Using a pipette, 20 μl of an anti-HBs antibody solution (manufactured by Shinotest Co., dissolved in 10 mM phosphate buffer at pH 7 at a concentration of 5 μg / ml) is applied to a portion from 5 mm to 10 mm from the left end of the bottom of the groove of the plate-like body. Placed and contacted, left at 37 ° C. for 3 hours.
Next, this solution was removed by suction with a pipette, and 0.3 ml of Tris buffer solution (pH 7.5, 50 mM) (hereinafter referred to as Diluent A) containing 0.5% (W / V) casein was added thereto. It was left overnight at 0 ° C., and this was removed by suction with a pipette.
Then, an acrylic resin extruded plate (25 mm in width, 25 mm in depth, 1 mm in thickness) (manufactured by Acrysanday Co.) is pasted on the left end of this plate-like body with a solvent, thereby forming a plate-like body as shown in FIG. Covered.

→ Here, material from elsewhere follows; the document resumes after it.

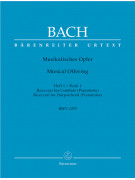 Musical Offering in C minor BWV 1079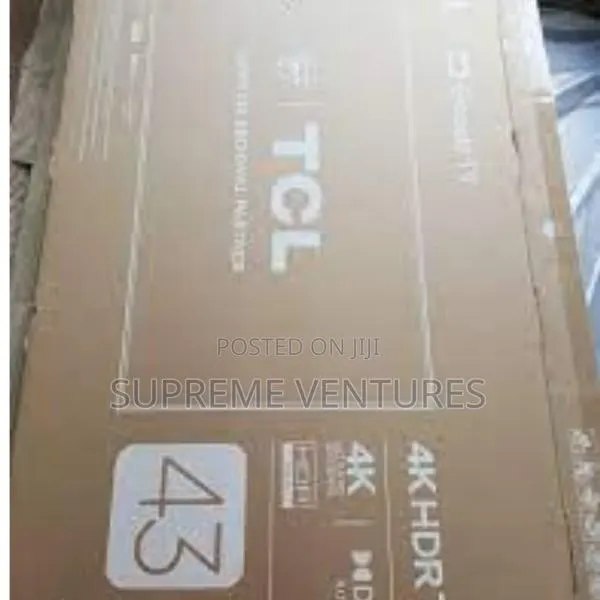 TCL 43" 43p635 FHD Smart Tv Crystal Clear Picture Android Tv · Photo 1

In this way, a plate-like body was produced in which a band-shaped coating portion made of a specific binding substance (anti-HBs antibody) was formed on the bottom surface of the groove.
[0091]
(2) Preparation of anti-HBs antibody fixed particles
Particles (magnetic particles) [Dynabeads M-450 uncoated, manufactured by Dynal, particle size: 4.5 μm, C.D. V. 5% or less, specific gravity 1.5, concentration 3% (w / v)] 1 ml and anti-HBs antibody solution (manufactured by Shinotest, pH 7.0, dissolved in 10 mM phosphate buffer at a concentration of 0.1 mg / ml) And reacted at 37 ° C. for 30 minutes. Masking was performed by adding about 20 times the amount of Diluent A thereto. Next, the obtained particles were washed with the diluent A, and the particles were redispersed in the diluent A so that the concentration was about 0.1% (w / v). Thus, an anti-HBs antibody fixed particle dispersion was prepared.
[0092]
(3) Measurement of HBs antigen
100 μl of HBs antigen-positive blood was placed using a pipette near the border between the groove-covered part and the non-covered part of the anti-HBs antibody-fixed plate prepared in (1) above, and was brought into contact with the belt-like covering part. .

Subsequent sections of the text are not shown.